Start of DATA LISTING

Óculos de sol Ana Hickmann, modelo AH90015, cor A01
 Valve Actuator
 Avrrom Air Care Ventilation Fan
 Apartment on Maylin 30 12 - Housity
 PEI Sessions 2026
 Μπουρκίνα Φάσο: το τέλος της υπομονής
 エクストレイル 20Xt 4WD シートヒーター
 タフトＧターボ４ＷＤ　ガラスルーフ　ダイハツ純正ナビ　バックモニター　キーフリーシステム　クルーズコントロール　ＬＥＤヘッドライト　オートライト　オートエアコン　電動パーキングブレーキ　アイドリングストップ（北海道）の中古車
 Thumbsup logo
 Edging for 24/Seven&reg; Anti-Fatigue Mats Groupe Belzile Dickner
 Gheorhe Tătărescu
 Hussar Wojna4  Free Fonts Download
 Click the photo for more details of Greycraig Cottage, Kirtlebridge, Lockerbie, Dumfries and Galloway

End of DATA LISTING

> _ACTION ITEM_:
Nothing in the records may be dropped; reproduce them exactly.

> _EXPECTED ANSWER_:
Óculos de sol Ana Hickmann, modelo AH90015, cor A01
 Valve Actuator
 Avrrom Air Care Ventilation Fan
 Apartment on Maylin 30 12 - Housity
 PEI Sessions 2026
 Μπουρκίνα Φάσο: το τέλος της υπομονής
 エクストレイル 20Xt 4WD シートヒーター
 タフトＧターボ４ＷＤ　ガラスルーフ　ダイハツ純正ナビ　バックモニター　キーフリーシステム　クルーズコントロール　ＬＥＤヘッドライト　オートライト　オートエアコン　電動パーキングブレーキ　アイドリングストップ（北海道）の中古車
 Thumbsup logo
 Edging for 24/Seven&reg; Anti-Fatigue Mats Groupe Belzile Dickner
 Gheorhe Tătărescu
 Hussar Wojna4  Free Fonts Download
 Click the photo for more details of Greycraig Cottage, Kirtlebridge, Lockerbie, Dumfries and Galloway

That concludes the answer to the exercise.